Not necessarily. That's OK if you can guarantee that the table is in cache. But if it isn't, that's probably the slowest way.

DRAM read takes ~210 cycles (assuming 60ns access time and 3.5 GHz CPU clock rate).

FPATAN takes ~50 to 200 cycles, depending on the operand value and CPU model (see http://www.agner.org/optimize/instruction_tables.pdf)

I suspect a polynomial approximation takes less than either of these, since that's what most C standard library implementations use on the PC (I just check Visual Studio 2017).

Tomis02 · on Aug 29, 2017

> But if it isn't, that's probably the slowest way.

It's probably the slowest way the first time, but if you call atan2 in a loop, won't it be much faster?

abainbridge · on Aug 30, 2017

It isn't just "the first time" that is slow for the LUT solution.
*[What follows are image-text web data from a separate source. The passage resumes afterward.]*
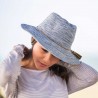 Chapeau anti UV femme roulable : couleur - chiné bleu, Mixte - Homme et Femme, Taille Réglable - par lacet de 55 à 60cm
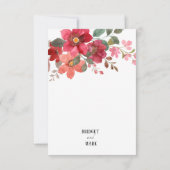 タイムレス結婚レッド サンキューカード (裏面)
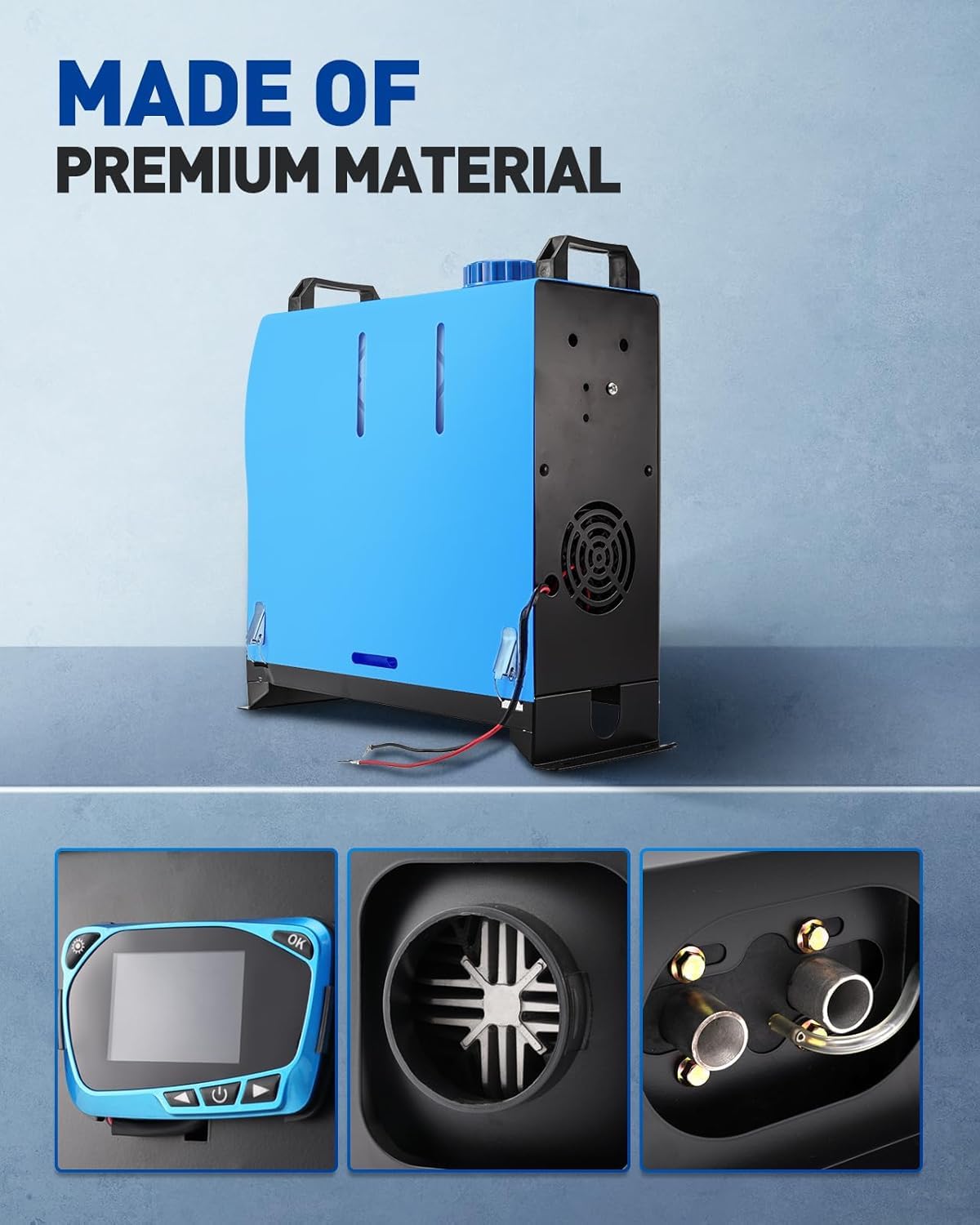 ShockFlo 12V 5KW Diesel Air Heater, All in One Parking Heater Kit with Remote Control, Silencer and LCD Display, Fast Heating, for RV Truck, Motorhomes, Boat, Bus, Car Trailer, Caravans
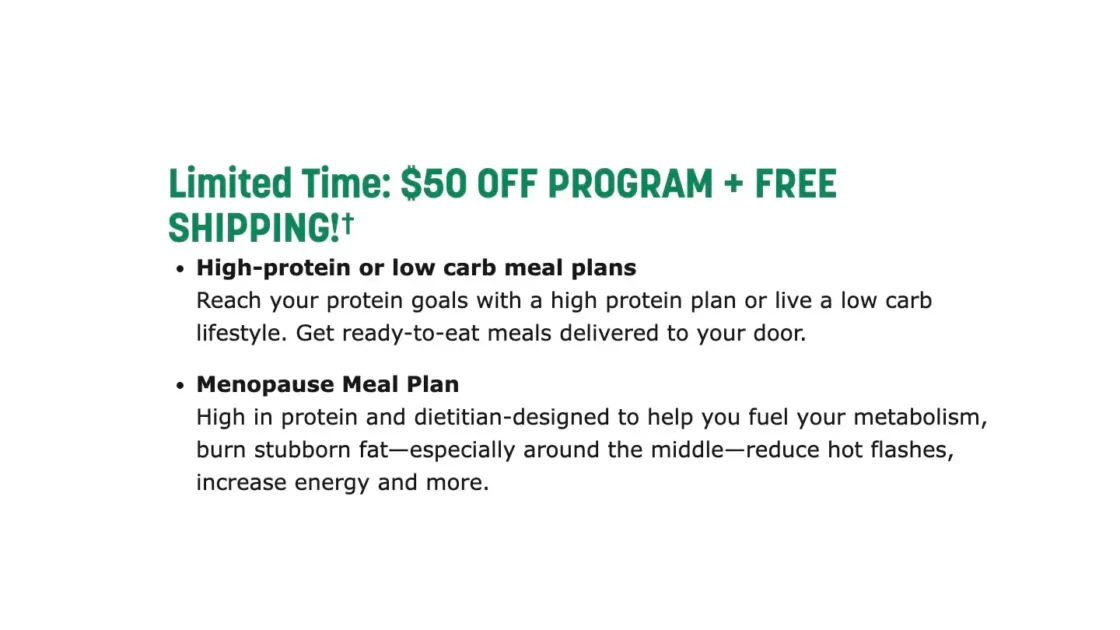 $50 Off Your First Week of Weight Loss Meals From Nutrisystem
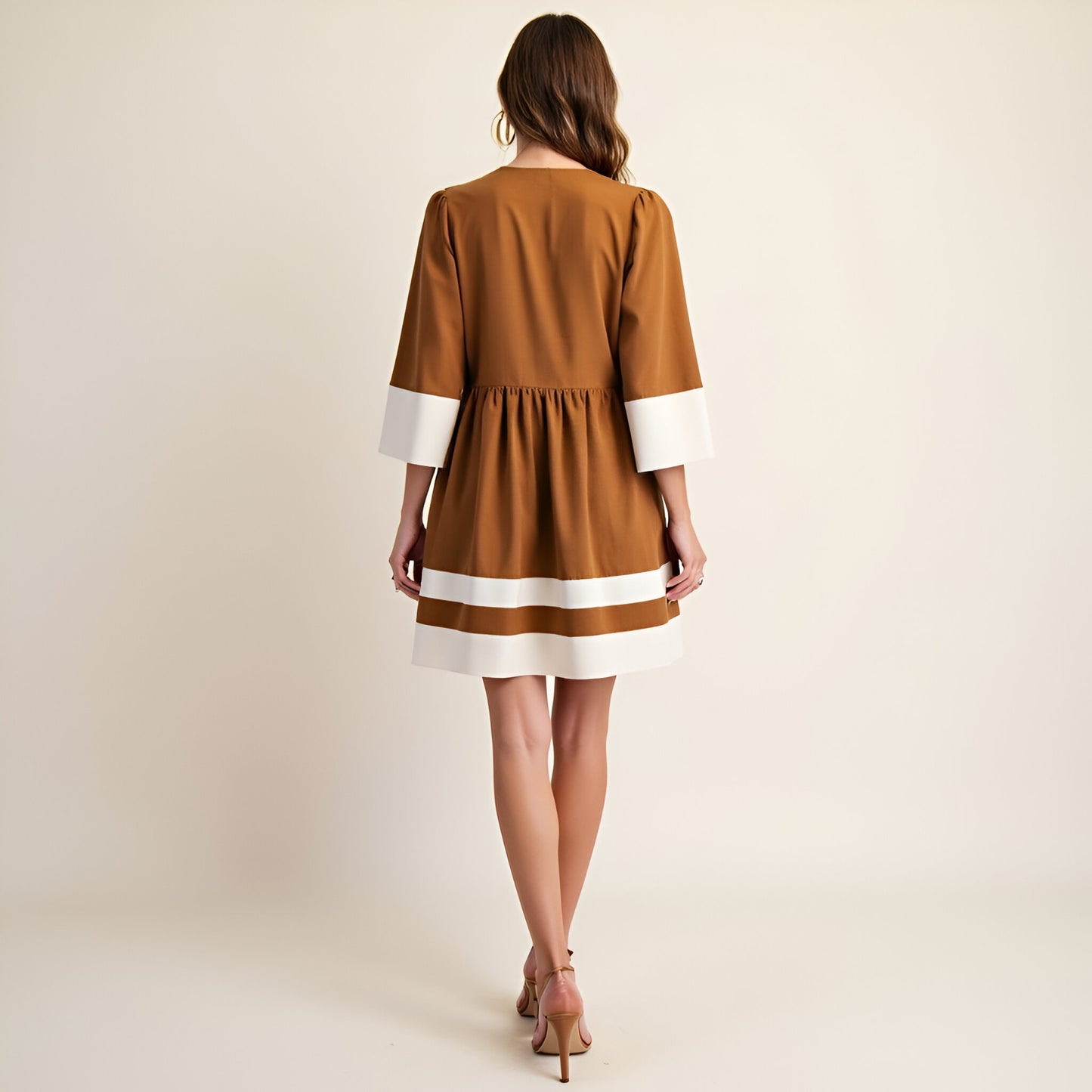 Fit and Flare Mini Dress with Cuffed Sleeves, Contrast Trim and V-Neck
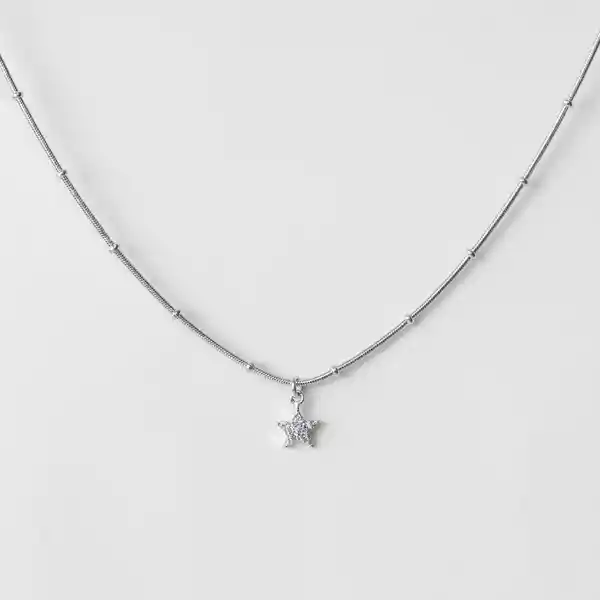 Psk Joyas Collar Chocker Estrella Rodio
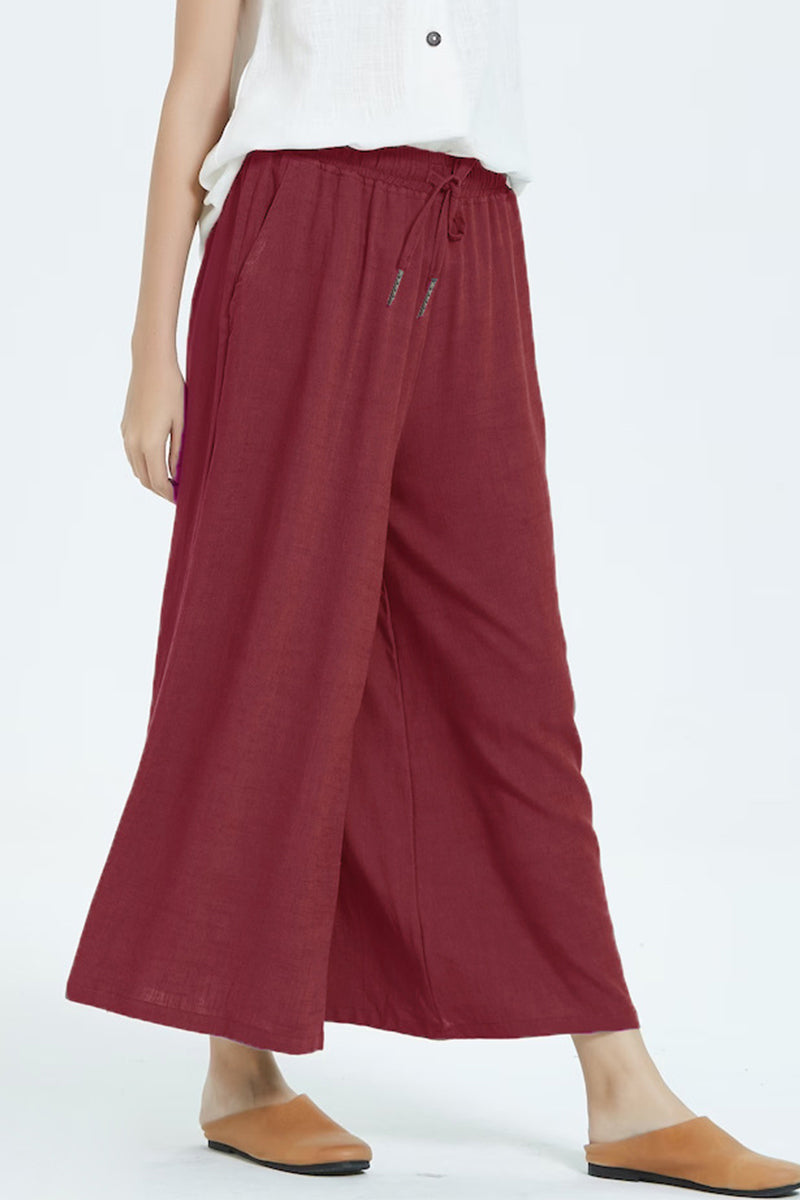 Casual Simplicity Solid Make Old Loose High Waist Wide Leg Solid Color Bottoms(8 Colors) - Fashionpara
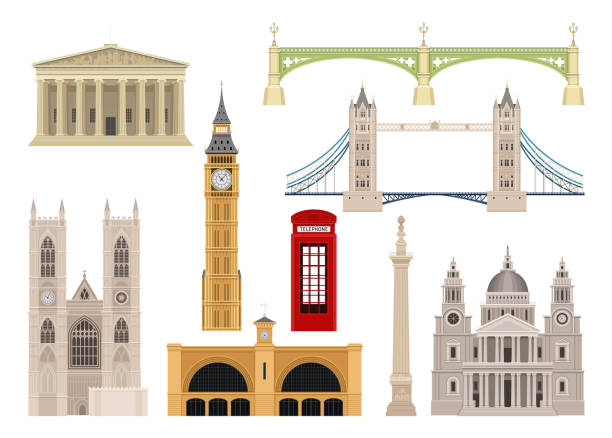 ilustrações de stock, clip art, desenhos animados e ícones de london landmarks set - telephone booth telephone pay phone telecommunications equipment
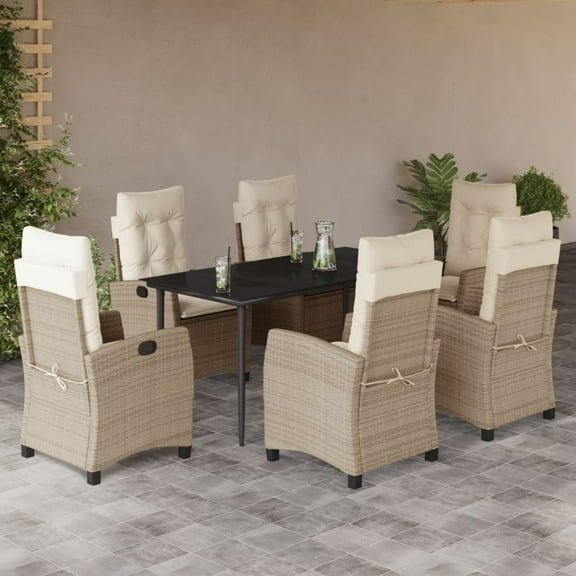 vidaXL Garden Dining Set Beige PE Rattan 7 Piece Adjustable Armrests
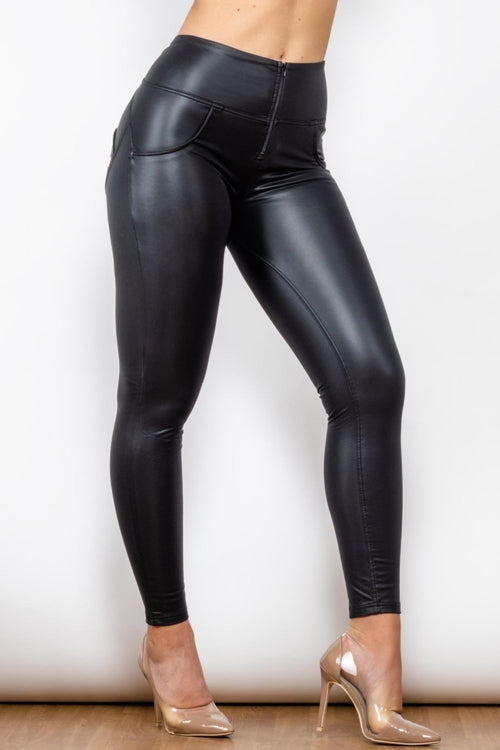 Leather Zip Detail Leggings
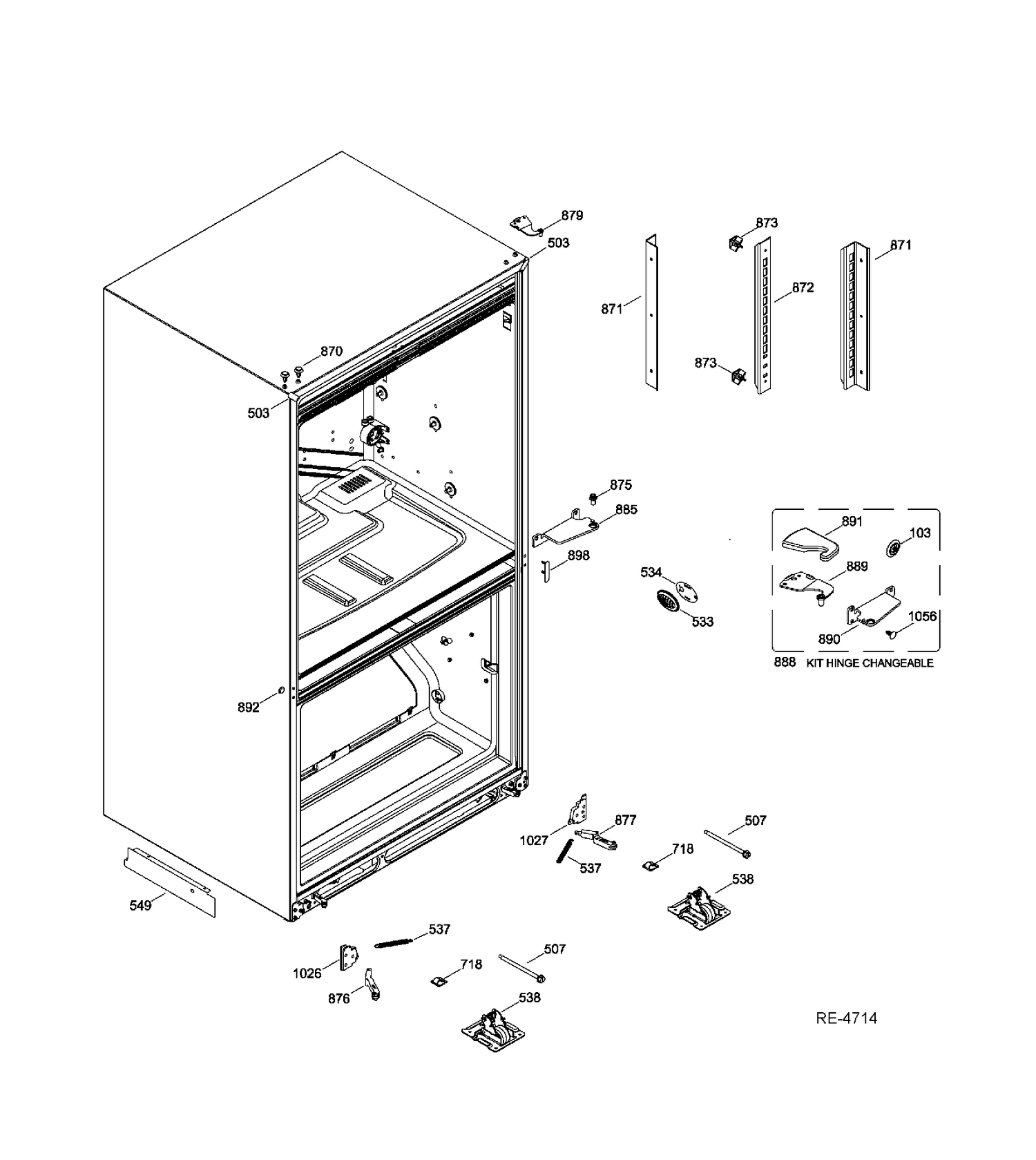 HINGES Diagram and Parts List for GDRC3KBYCRWW  General Electric Refrigerator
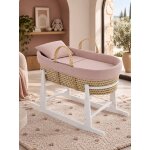Couffin b�b� matelass� avec support en bois rose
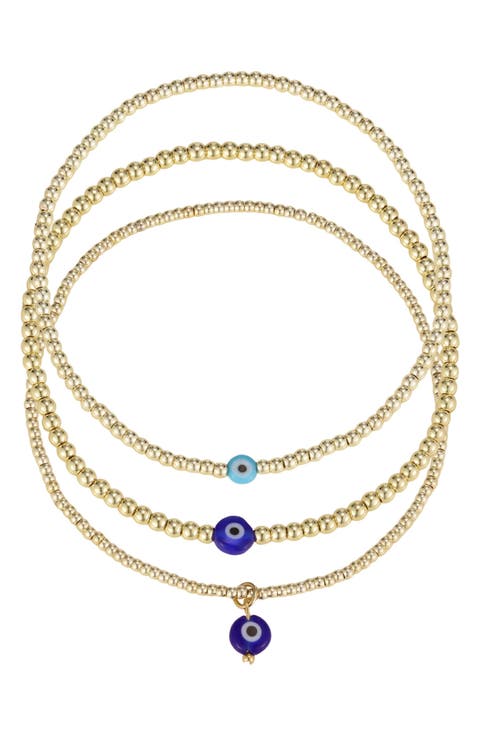 Set of 3 Evil Eye Stretch Bracelets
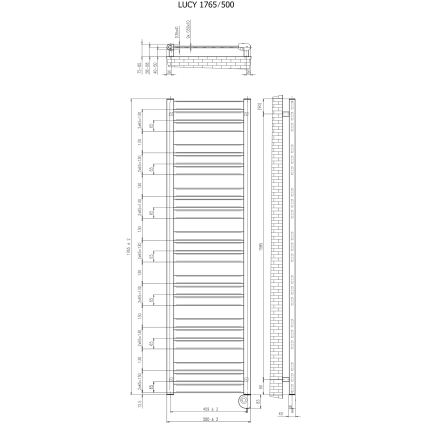 Vertaduro - Fürdőszobai radiátor termosztáttal LUCY 800W 177x50 cm taupe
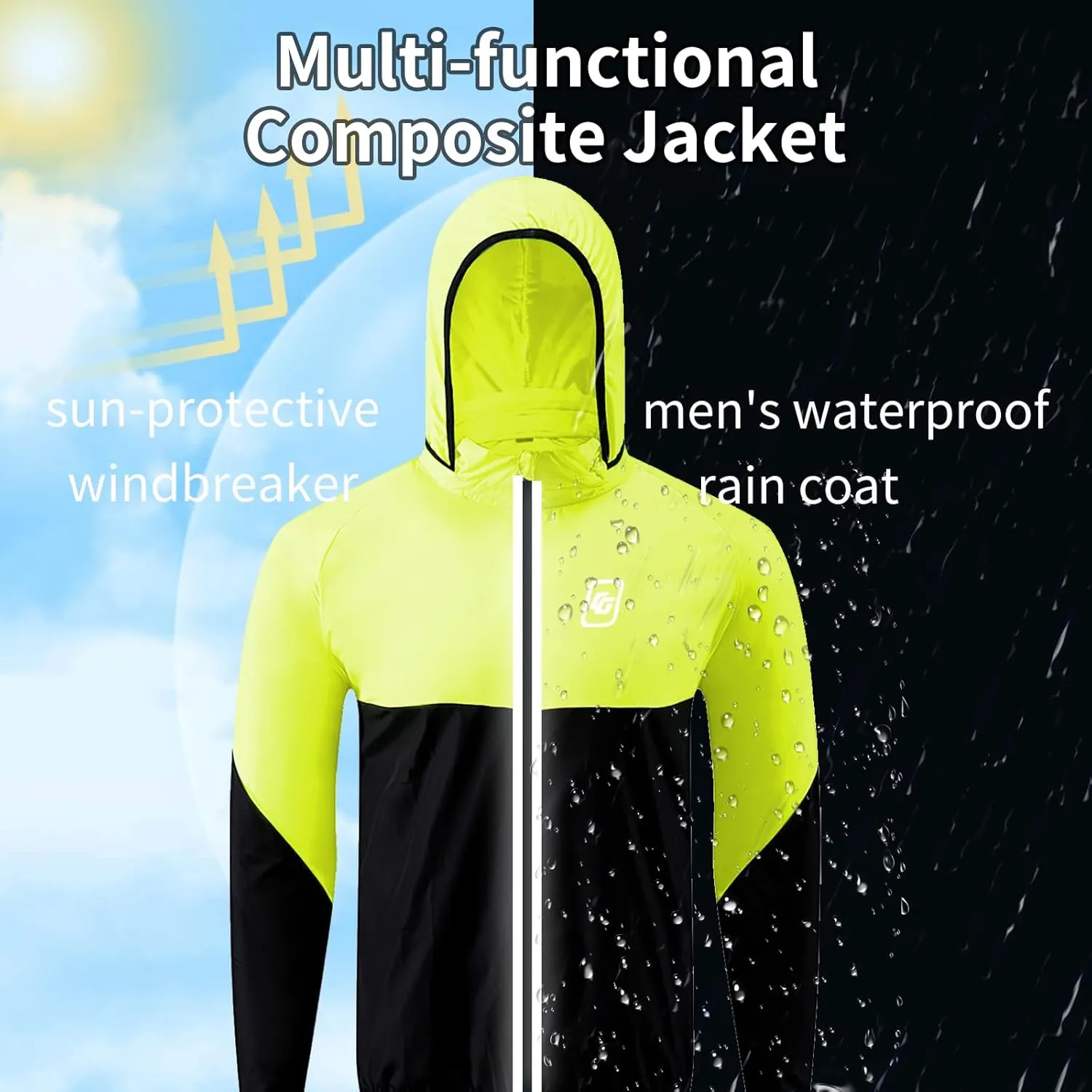 Cycling Rain Jacket Mens Lightweight Running Windbreaker Hooded Waterproof Hiking Travel Rain Coats Reflective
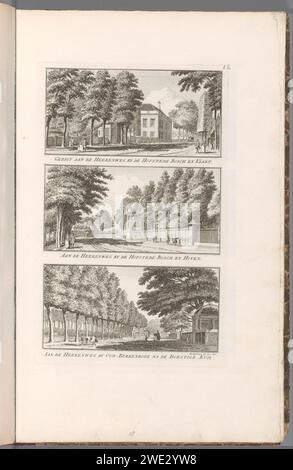 Volti sulla Herenweg vicino ad Haarlem, 1763 stampa tre spettacoli. Boven: The Herenweg in Haarlem all'Hofstede Bosch en Vaart. Centro: Herenweg ad Haarlem presso l'Hofstede Bosch e Hoven. Sotto: L'Herenweg (nell'attuale Heemstede) presso l'Hofstede Oud Berkenrode. Questa stampa fa parte di un album. Haarlem paper etching Lane, vicolo. Alloggi rurali, ad esempio casa di campagna, villa, cottage Haarlem. Heemstede. Bosch e Hoven Foto Stock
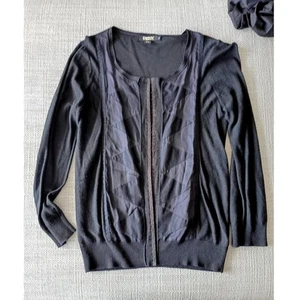 DKNY schwarze 100% Kaschmir Strickjacke Pullover Strick | Größe M - Bild 1 von 5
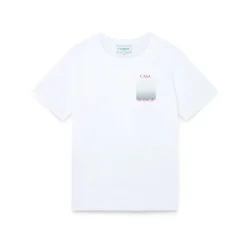 Gradient Square Printed White T-shirt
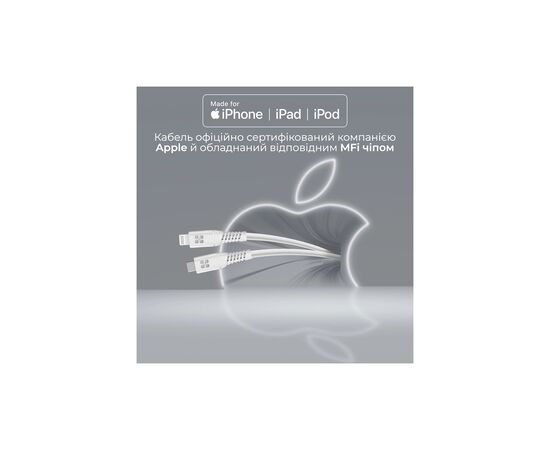 Дата кабель USB-C to Lightning 1.2m 20W PD MFi POWERLINE-CI120 black Promate (powerline-ci120.white), изображение 7 Дата кабель USB-C to Lightning 1.2m 20W PD MFi POWERLINE-CI120 black Promate (powerline-ci120.white), изображение 7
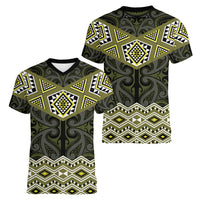 New Zealand Aotearoa Women V-Neck T-Shirt Yellow Taniko Art Maori Pattern LT05 - Polynesian Pride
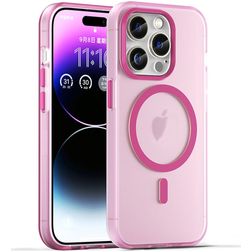 Mobigear Shockproof iPhone 16 Pro MagSafe TPU flexible Carcasa - Rosa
Each time the table access hits a new cache line, there will be a stall. Say your LUT has 2048 64-bit entries, that's 256 cache lines. So the total stall time waiting for cache lines to be filled could be as bad as 210 cycles * 256 = 53760 cycles. In that amount of time, the std library function could have returned about 1000 results (assuming the std library takes 50 cycles).

And, as well as waiting for the table reads, the LUT based function has other work to do. If we are comparing performance to the std library function, it handles input from the entire range of IEEE 64-bit floats. It isn't practical to do that directly with a lookup table. You would need to clamp the range down to something manageable. Once that's done, if you want anything like decent accuracy you need to read two values from the table and do a linear interpolation between them. Or you could have a HUGE table instead of the lerp but it would have to be far too big to fit in L1 cache, and thus also quite slow.

My guess is a clamp and lerp'd lookup table will take ~10 cycles once the table is entirely in cache. So, I guess I'm claiming that the LUT would then be 5x faster than the std library.

I don't have a lot of confidence in that prediction though. There are lots of other things to worry about if we were to do this analysis properly, including: a) how the input pattern alters the effectiveness of the branch predictor, b) how exactly you are finding some input data to operate on without polluting the cache, c) whether we are measuring latency or throughput.

ajuc · on Aug 29, 2017

Look up tables are often slower on modern hardware than just calculating the stuff again (if there's a cache miss).